Citizen scientists can now create accurate protein models using computer game co-developed by Professor Firas Khatib
The best microscopes in the world often fail to produce crisp images of proteins. This is a frustration to the scientists who rely on them and a major roadblock to global efforts to design new drugs.
Now, volunteers playing the online puzzle game Foldit have shown that they can use fuzzy cryo-electron microscopy datasets to create accurate three-dimensional models of proteins. This work appears this week in the journal PloS Biology.
“Cryo-electron microscopy is the new hot thing in biochemistry that's making it possible to look at biomolecules that we could never visualize before, but that comes with new challenges,” senior author Scott Horowitz, assistant professor of chemistry and biochemistry and the Knoebel Institute for Healthy Aging at the University of Denver Chief among these is making sense of limited data. “Foldit players appear to very much be up to the challenge of working with the data and turning it into biological models that we can interpret.”
Constructing accurate protein models from cryo-electron microscopy (cryo-EM) images is widely regarded as difficult, even among trained experts. In the vast majority of cases, such datasets do not contain enough information to specify the exact location of each atom in a protein, and thus permit many different protein models to be built. This can introduce false models into circulation, with negative ramifications for drug design, clinical trials, and more.
A team of researchers from University of Massachusetts Dartmouth, University of Washington, Northeastern University, University of Denver, and University Grenoble Alpes in France together challenged Foldit players to create protein models from fuzzy cryo-EM data.
Foldit was developed in 2008 as a way to ‘gamify’ protein research. It gives players an intuitive video game interface to visualize and interact with proteins, as well as scientific software that scores how realistic a given protein model appears to be based on its exact physical and chemical properties. Players have previously used Foldit to solve the crystal structure of an HIV-related enzyme and to successfully design synthetic proteins.
As a proof-of-concept for this work, the researchers supplied gamers with a cryo-EM dataset of a toxin-delivering protein from the soil bacterium Serratia entomophila, which was separated into four parts, each with a resolution of 3.2Å, which is not enough to definitively place each atom. The players had to rely on the experimental data and their in-game scores to guide their model-building. Realistic models that fit entirely within the cryo-EM dataset scored higher.

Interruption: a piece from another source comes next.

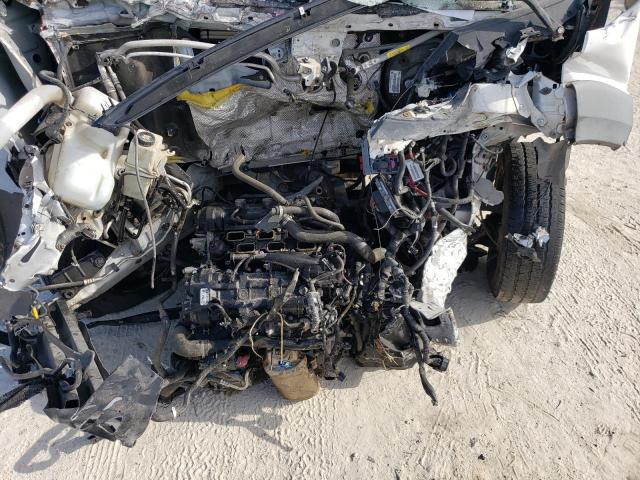 3C6URVJG1JE138565 - 2018 RAM PROMASTER 3500 HIGH თეთრი ფოტო 12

“These were the first Foldit puzzles to use cryo-EM, and the players outperformed experts and automated methods on each and every one of them,” said first author Firas Khatib, assistant professor of computer and information science at the University of Massachusetts Dartmouth.
The player’s final models were far better than those made algorithmically, and as good or better than those made my trained microscopists who had been given the same datasets to work with and who built their models by hand.

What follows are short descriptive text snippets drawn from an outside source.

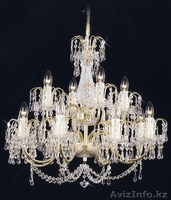 Хрустальные люстры и Бра  - Изображение #5, Объявление #105494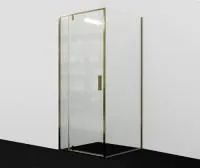 Душевой уголок WasserKRAFT Aisch 55P03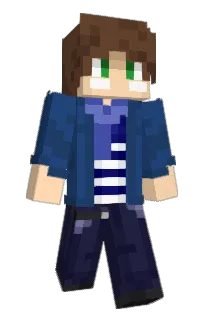 YannieThins's Minecraft skin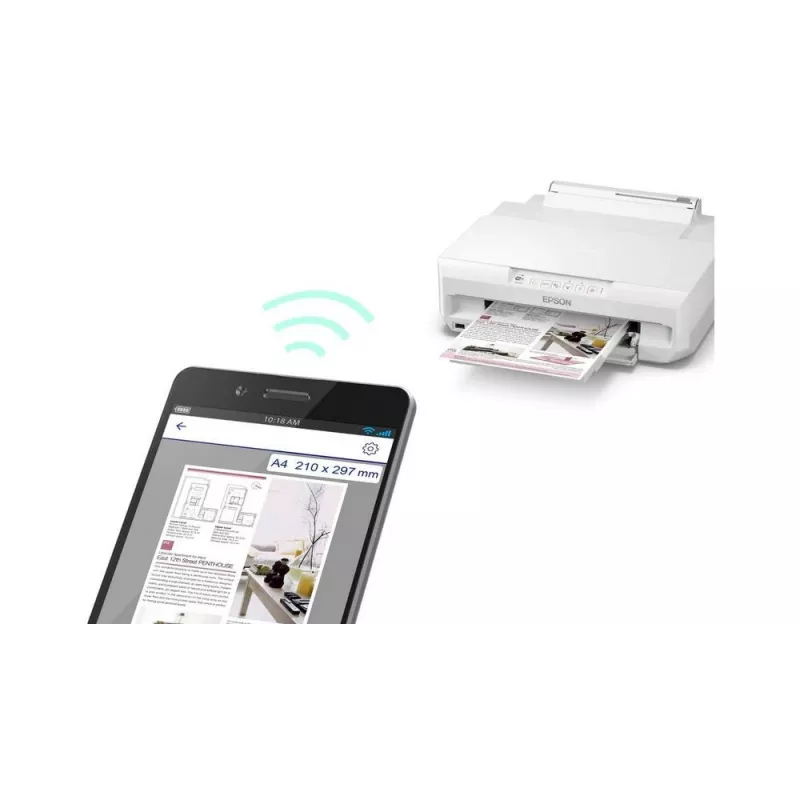 Epson Expression Photo XP-65 Tintenstrahldrucker Farbe 5760 x 1440 DPI A4 Wi-Fi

“Speed is important because scientists — like most people — are impatient,” said Horowitz. “This is especially true when you have a lot of great data and you want to interpret it and find out what it all means.”
How did untrained volunteers outperform state-of-the-art algorithms? “There are still a few things that humans are better at than computers, and spatial reasoning is one of them,” said Khatib. “However, this is not an example of humans simply outperforming computers, because the Foldit players are using many different computational tasks within the game. It turns out humans and computers are most successful when they work together.”